[Start of Attachment]
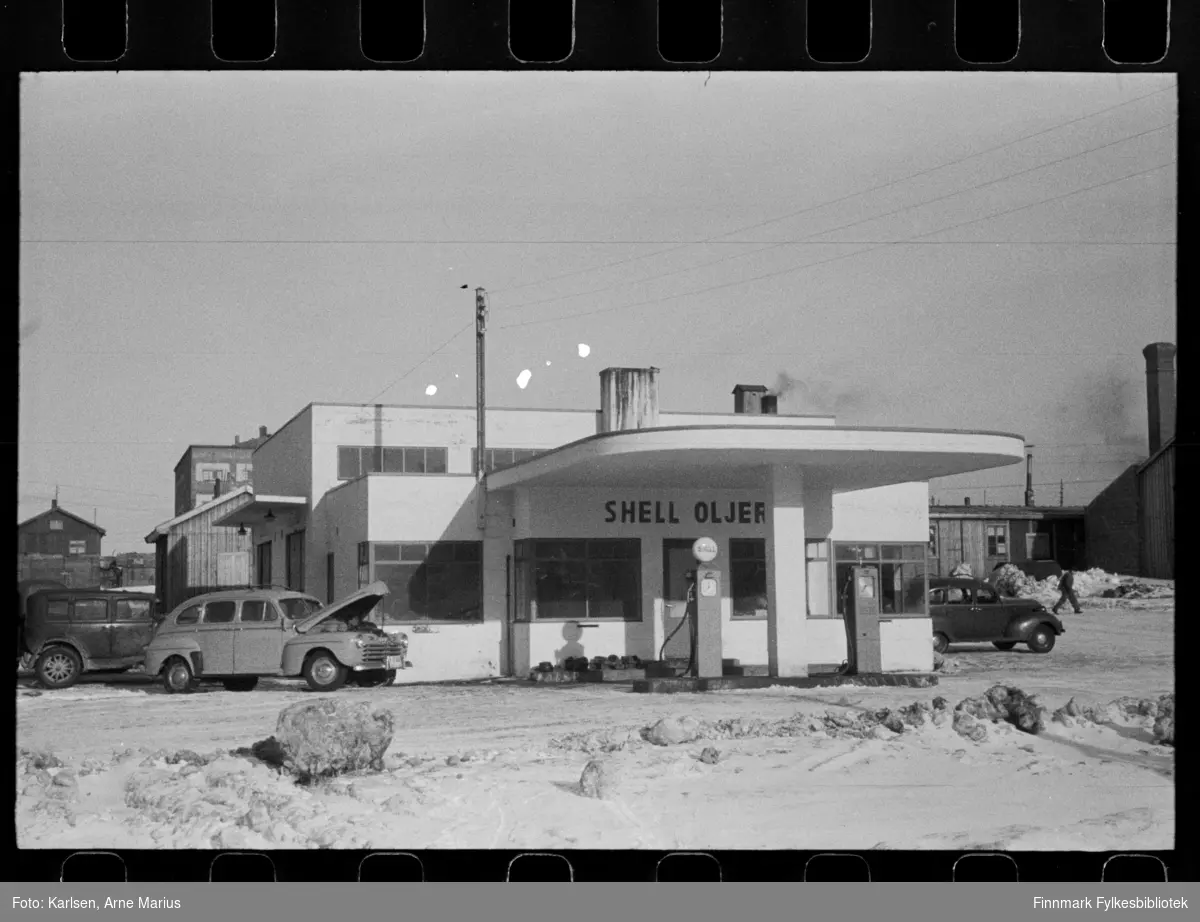 Foto av Shell Oljer bensinstasjon i Kirkenes 

I foto kan man se at gaten er en grusvei. Ved siden av bensinstasjonen ser man flere biler parkert og foran stasjonen er bensinpumper. Lys bil med panseret oppe er en Ford 1946-modell, reg.nr. Y-3300 (?) med undertekst DROSJE. Bak den en ca. 1930-modell.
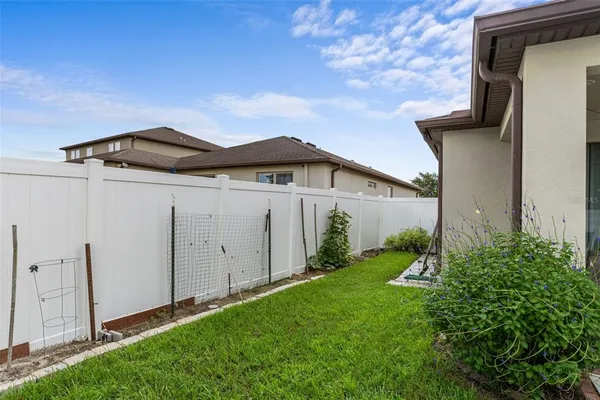 a view of a house with a yard and pathway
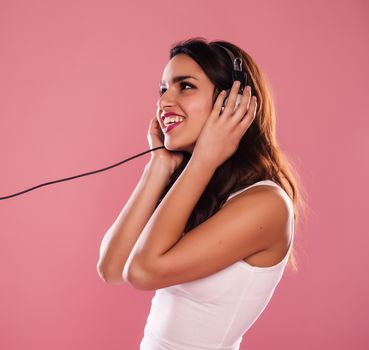 Young woman listening to music over a pink background.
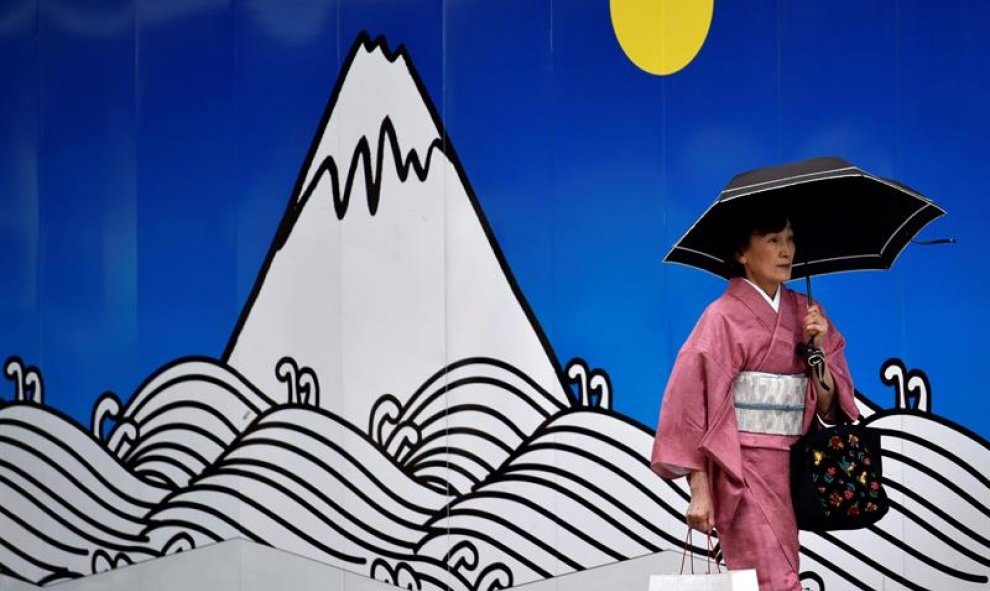 Una mujer vestida con un kimono pasa delante de un andamio decorado con el dibujo de una montaña en el distrito comercial de Ginza en Tokio, Japón. EFE/Franck Robichon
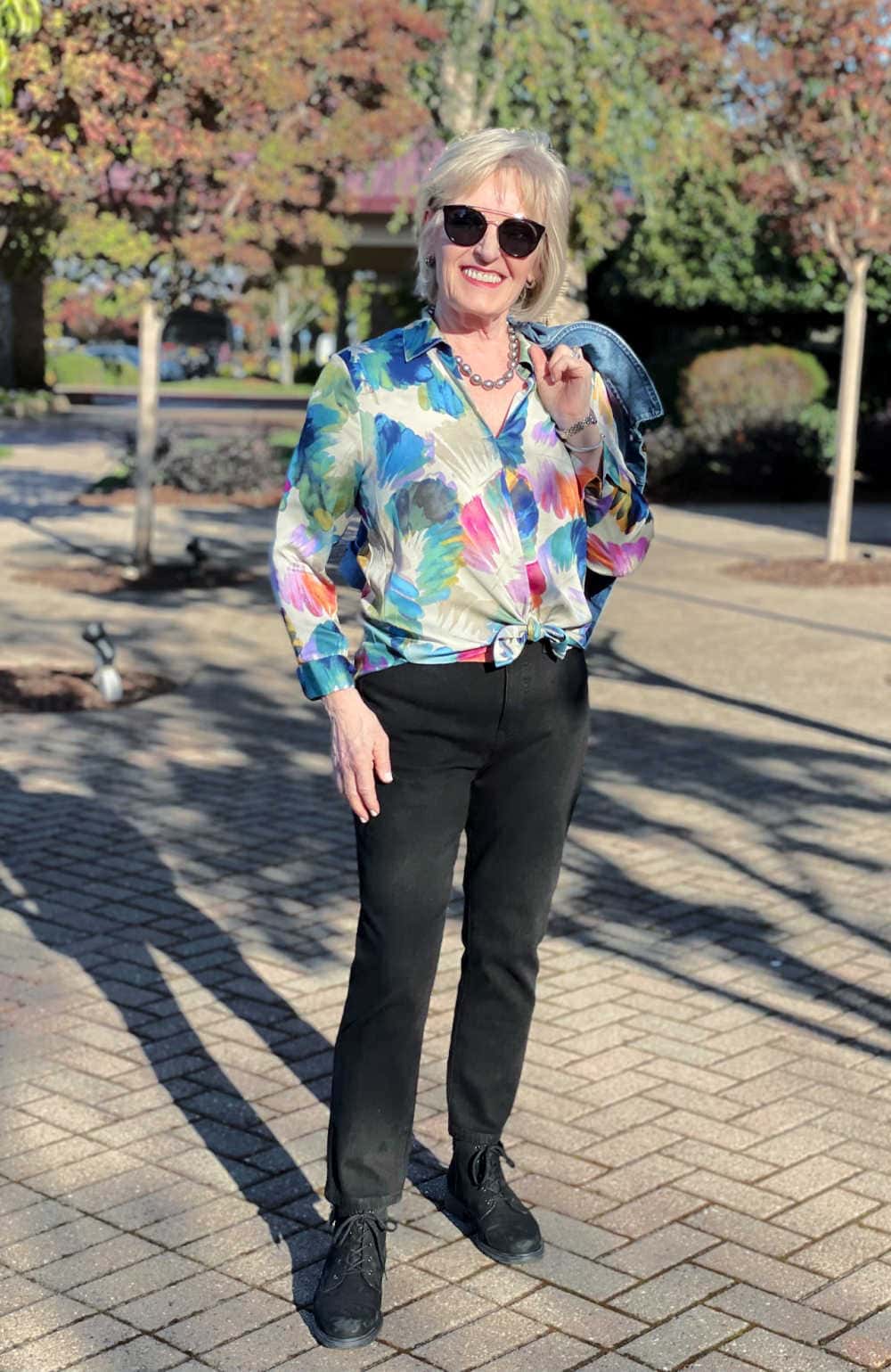 woman wearing floral blouse outfit with black jeans and booties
[End of Attachment]
:: Exercise description ::
Transcribe every entry above exactly. Omit all pictures.

:: Output below ::
 Foto av Shell Oljer bensinstasjon i Kirkenes 

I foto kan man se at gaten er en grusvei. Ved siden av bensinstasjonen ser man flere biler parkert og foran stasjonen er bensinpumper. Lys bil med panseret oppe er en Ford 1946-modell, reg.nr. Y-3300 (?) med undertekst DROSJE. Bak den en ca. 1930-modell.
 a view of a house with a yard and pathway
 Young woman listening to music over a pink background.
 Una mujer vestida con un kimono pasa delante de un andamio decorado con el dibujo de una montaña en el distrito comercial de Ginza en Tokio, Japón. EFE/Franck Robichon
 woman wearing floral blouse outfit with black jeans and booties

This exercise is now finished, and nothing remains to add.